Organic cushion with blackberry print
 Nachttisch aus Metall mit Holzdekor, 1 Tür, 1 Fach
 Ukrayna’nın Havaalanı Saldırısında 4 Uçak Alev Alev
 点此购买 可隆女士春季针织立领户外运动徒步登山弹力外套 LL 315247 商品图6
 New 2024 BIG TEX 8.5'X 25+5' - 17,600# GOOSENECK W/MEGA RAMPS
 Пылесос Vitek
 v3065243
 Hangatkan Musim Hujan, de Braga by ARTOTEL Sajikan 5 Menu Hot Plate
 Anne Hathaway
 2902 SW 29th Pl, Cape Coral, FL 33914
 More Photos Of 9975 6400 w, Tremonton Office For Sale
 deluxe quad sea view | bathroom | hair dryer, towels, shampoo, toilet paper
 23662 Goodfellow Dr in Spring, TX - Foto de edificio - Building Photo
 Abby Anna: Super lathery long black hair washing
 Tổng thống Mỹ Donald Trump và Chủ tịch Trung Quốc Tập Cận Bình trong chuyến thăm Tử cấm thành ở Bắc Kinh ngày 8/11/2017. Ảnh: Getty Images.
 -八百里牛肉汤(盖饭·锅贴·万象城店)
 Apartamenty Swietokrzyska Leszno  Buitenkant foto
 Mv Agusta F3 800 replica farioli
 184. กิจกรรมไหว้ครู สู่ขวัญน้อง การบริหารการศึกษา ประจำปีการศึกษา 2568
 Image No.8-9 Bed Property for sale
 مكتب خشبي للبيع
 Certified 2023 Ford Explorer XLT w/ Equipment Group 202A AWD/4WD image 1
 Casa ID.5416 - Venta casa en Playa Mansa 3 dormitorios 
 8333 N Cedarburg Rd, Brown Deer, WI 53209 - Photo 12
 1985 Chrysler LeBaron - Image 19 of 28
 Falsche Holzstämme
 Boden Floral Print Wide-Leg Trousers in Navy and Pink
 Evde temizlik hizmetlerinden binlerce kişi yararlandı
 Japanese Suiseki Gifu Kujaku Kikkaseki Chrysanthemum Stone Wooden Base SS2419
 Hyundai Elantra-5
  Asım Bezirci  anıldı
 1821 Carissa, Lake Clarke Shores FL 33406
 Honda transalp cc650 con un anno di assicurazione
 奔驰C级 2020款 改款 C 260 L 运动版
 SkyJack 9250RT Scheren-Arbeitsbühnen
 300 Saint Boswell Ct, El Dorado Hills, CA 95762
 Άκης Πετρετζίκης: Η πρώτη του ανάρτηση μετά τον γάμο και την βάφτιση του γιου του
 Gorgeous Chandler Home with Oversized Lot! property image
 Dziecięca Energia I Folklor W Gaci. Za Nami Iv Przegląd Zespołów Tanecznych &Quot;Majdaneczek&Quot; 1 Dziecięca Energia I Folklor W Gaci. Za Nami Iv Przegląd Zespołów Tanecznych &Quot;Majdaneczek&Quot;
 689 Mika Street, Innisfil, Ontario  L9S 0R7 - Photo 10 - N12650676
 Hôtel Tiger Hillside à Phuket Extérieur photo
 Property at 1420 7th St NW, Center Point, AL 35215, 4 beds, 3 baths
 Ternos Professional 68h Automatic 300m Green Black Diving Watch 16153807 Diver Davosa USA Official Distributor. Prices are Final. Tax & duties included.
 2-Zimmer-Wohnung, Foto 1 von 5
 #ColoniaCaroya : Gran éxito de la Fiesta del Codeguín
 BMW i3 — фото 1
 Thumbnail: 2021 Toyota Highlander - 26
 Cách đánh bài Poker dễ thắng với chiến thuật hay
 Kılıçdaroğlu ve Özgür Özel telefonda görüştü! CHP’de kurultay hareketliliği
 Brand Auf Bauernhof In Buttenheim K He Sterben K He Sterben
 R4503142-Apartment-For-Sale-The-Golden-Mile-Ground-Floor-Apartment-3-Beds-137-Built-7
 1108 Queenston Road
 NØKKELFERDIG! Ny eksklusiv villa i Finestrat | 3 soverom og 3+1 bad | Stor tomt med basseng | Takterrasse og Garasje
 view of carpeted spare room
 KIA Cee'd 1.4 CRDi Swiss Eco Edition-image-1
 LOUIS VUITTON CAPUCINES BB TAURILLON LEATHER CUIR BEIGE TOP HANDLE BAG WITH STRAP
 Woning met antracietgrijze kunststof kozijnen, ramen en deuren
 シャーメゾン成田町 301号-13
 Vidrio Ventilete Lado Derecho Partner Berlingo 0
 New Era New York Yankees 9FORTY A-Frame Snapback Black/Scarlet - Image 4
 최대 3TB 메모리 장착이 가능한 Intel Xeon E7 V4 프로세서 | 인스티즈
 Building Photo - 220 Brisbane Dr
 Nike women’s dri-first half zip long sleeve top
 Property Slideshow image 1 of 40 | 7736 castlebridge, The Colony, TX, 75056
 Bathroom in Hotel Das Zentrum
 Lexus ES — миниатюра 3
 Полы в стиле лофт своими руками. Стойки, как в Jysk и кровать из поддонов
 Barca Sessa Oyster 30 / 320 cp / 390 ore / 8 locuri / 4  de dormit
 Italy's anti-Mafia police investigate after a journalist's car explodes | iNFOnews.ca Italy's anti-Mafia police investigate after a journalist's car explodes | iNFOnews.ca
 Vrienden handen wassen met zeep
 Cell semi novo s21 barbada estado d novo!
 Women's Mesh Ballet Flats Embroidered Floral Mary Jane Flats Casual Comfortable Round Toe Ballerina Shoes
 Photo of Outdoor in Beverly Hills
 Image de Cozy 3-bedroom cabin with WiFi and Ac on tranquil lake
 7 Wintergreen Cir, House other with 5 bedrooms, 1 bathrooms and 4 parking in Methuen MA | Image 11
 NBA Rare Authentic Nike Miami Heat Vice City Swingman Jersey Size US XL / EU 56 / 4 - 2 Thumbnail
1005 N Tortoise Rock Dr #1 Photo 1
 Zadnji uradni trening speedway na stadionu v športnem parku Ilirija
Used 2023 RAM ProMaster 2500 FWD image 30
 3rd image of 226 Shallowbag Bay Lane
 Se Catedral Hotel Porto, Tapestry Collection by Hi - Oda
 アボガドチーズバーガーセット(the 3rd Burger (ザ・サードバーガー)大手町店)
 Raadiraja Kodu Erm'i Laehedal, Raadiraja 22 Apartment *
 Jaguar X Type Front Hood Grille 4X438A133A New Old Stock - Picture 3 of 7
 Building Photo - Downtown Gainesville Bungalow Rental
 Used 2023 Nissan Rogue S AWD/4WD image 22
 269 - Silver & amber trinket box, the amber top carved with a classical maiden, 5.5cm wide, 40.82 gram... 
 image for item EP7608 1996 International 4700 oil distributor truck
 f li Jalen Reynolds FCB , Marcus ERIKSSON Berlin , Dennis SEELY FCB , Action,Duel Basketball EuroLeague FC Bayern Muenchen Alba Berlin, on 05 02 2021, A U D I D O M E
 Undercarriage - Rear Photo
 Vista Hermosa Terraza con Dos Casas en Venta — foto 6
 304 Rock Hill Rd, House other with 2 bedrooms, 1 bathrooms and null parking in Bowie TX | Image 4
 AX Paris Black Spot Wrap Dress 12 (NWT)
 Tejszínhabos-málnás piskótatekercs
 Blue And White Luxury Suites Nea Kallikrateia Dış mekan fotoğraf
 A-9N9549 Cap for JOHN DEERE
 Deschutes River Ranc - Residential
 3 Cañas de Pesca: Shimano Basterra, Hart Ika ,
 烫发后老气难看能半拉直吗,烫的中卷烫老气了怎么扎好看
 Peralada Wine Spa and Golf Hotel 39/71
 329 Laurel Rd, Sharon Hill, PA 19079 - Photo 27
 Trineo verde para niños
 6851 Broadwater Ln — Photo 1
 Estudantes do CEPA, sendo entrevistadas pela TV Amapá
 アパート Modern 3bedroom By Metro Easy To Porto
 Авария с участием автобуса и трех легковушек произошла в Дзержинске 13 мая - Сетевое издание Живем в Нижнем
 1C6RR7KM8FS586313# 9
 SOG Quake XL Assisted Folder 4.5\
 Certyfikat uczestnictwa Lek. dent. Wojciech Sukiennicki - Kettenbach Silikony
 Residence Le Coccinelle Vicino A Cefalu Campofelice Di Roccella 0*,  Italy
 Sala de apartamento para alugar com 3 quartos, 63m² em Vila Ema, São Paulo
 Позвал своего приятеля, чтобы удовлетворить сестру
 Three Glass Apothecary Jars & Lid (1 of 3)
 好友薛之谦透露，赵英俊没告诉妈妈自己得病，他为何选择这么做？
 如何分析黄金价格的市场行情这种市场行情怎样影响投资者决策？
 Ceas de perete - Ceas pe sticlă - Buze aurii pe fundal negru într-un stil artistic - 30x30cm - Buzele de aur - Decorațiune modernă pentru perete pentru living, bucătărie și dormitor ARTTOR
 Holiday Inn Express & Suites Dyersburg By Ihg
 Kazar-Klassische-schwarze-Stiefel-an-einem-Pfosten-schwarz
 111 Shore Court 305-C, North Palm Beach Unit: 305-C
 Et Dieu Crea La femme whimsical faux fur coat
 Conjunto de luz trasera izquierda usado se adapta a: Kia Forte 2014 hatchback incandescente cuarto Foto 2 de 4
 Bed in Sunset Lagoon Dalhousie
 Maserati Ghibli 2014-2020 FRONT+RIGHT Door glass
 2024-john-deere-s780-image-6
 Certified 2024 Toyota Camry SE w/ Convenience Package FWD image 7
════════════════════
## Directions
Print again the lines of the entries above that fall between the line holding "1005 N Tortoise Rock Dr #1 Photo 1" and the line holding "Raadiraja Kodu Erm'i", inclusive, exactly as they stand.

## Result for this exercise
1005 N Tortoise Rock Dr #1 Photo 1
 Zadnji uradni trening speedway na stadionu v športnem parku Ilirija
Used 2023 RAM ProMaster 2500 FWD image 30
 3rd image of 226 Shallowbag Bay Lane
 Se Catedral Hotel Porto, Tapestry Collection by Hi - Oda
 アボガドチーズバーガーセット(the 3rd Burger (ザ・サードバーガー)大手町店)
 Raadiraja Kodu Erm'i Laehedal, Raadiraja 22 Apartment *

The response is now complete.